1.NO INDEMNIFICATION
The Company shall not indemnify any Covered Executive against the loss of any erroneously awarded Incentive-Based Compensation.

1.DISCLOSURE
The Company shall file all disclosures with respect to recoveries under this Policy in accordance with the requirements of the United States securities laws, including the disclosure required by the applicable U.S. Securities and Exchange Commission filings.

    -3-


Exhibit 97.1


1.ADMINISTRATION
This Policy shall be administered by the Committee and all determinations of the Committee will be final, binding and conclusive. The Committee is authorized to interpret and construe this Policy and to make all determinations necessary, appropriate or advisable for the administration of this Policy.

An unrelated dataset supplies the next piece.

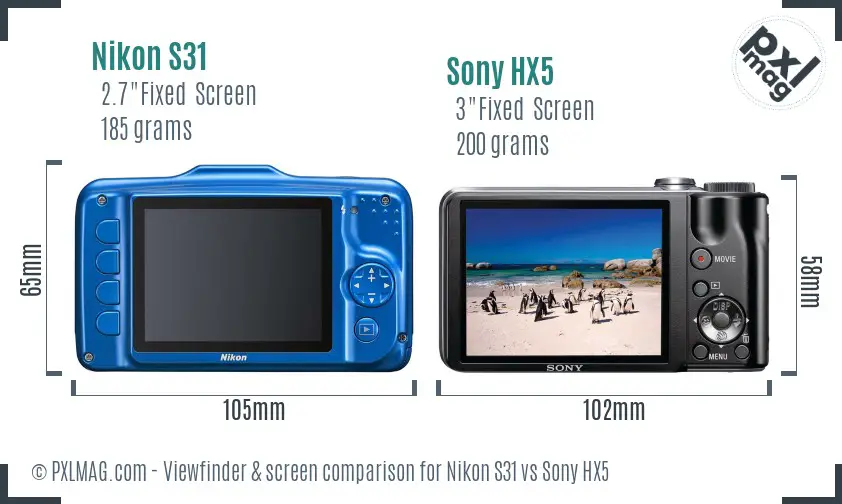 Nikon S31 vs Sony HX5 Screen and Viewfinder comparison Nikon S31 vs Sony HX5 Screen and Viewfinder comparison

It is intended that this Policy be interpreted in a manner that is consistent with the Listing Standard.


1.EFFECTIVE DATE
This Policy shall be effective as of the date it is adopted by the Board (the "Effective Date") and shall apply to Incentive-Based Compensation that is received on or after October 2, 2023.

1.AMENDMENT; TERMINATION
The Board may amend this Policy from time to time in its discretion. The Board may terminate this Policy at any time.

1.POLICY NOT EXCLUSIVE
The Committee may require that any employment agreement, equity award agreement or similar agreement entered into on or after the Effective Date shall, as a condition to the grant of any benefit thereunder, require a Covered Executive to agree to abide by the terms of this Policy. Any right of recovery under this Policy is in addition to, and not in lieu of, any other remedies or rights of recovery, recoupment, forfeiture or offset that may be available to the Company pursuant to the terms of any other applicable Company policy in any employment agreement, equity award agreement, or similar agreement and any other legal remedies available to the Company.